The sails were risen with the sun setting behind our back as we headed southwest for Nevis. We were quickly met with harsh sees as we left the protection of the Virgin Islands. We were told it would be rough, but everyone had smiles nonetheless. Smiles slowly faded as the reality of this passage was met while the moon rose on our bow.

The other crew members and I slowly faded away below deck as the first watch team took over to helm Ocean Star through the night. Below deck was a painful place to be, as most of us found out. Things were thrown about, including me, with no way of knowing which direction the boat would move next.
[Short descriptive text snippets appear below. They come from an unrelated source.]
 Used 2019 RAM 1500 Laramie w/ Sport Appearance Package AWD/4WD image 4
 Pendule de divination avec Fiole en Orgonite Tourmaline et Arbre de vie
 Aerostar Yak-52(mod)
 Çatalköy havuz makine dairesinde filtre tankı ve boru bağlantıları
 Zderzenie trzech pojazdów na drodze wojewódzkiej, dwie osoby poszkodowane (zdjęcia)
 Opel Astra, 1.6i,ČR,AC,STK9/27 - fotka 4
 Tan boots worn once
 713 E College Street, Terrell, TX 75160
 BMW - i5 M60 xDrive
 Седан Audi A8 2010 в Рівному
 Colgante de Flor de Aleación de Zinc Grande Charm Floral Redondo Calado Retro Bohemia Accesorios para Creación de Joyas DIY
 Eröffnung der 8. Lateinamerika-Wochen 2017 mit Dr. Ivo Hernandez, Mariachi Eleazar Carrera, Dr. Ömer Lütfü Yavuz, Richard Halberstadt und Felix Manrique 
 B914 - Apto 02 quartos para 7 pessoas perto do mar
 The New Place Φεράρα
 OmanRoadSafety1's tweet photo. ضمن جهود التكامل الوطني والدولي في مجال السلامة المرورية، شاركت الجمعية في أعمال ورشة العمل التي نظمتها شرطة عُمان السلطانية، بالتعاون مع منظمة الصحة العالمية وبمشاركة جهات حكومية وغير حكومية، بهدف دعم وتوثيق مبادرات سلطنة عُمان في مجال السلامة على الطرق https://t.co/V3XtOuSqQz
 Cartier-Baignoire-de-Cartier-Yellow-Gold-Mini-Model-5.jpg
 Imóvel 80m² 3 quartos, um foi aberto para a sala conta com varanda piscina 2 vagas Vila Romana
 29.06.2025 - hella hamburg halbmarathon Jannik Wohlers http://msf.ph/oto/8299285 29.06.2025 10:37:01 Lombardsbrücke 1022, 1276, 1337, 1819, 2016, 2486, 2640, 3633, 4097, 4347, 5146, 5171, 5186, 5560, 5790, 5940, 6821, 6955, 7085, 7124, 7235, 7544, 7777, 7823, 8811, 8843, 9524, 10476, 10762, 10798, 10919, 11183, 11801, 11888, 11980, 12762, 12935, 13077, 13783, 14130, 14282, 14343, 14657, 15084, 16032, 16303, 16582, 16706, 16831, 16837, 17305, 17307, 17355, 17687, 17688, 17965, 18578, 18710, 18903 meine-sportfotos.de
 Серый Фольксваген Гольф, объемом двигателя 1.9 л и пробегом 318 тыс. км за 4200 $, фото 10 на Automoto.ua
I had six hours until my watch, and I knew I had to attempt to get some sleep. This was difficult until I finally surrendered to the fact that this was the state of being for the next day or so.

My 2:00 am watch came sooner than expected and was a very surreal experience. I sat with my watch team in silence with the nearly full moon behind us and no land anywhere in sight. All we could hear was the sound of wind batting the sails and waves crashing into the bow, pushing us backward. This was a place I never imagined being, yet there I was. Our watch ended at 5:00 as the moon set behind us.

The next morning as I rose from below deck, I was greeted with a whole seasick watch team passed out on the chart house with one man left standing on the helm with a smile as Ocean Star crashed through 3-meter swells. We could see Saint Kitts in the distance, which meant we were close, but the next 10 hours remained rough as the islands came ever so slowly closer to us. The approach to Nevis was incredibly satisfying as the volcano, which looked so small half a day earlier, turned about to be a giant towering out of the sea.

The afternoon was spent working with everybody as a team to remove the vast amount of salt that sat in every corner of our vessel. A job well done by all on this harsh offshore passage.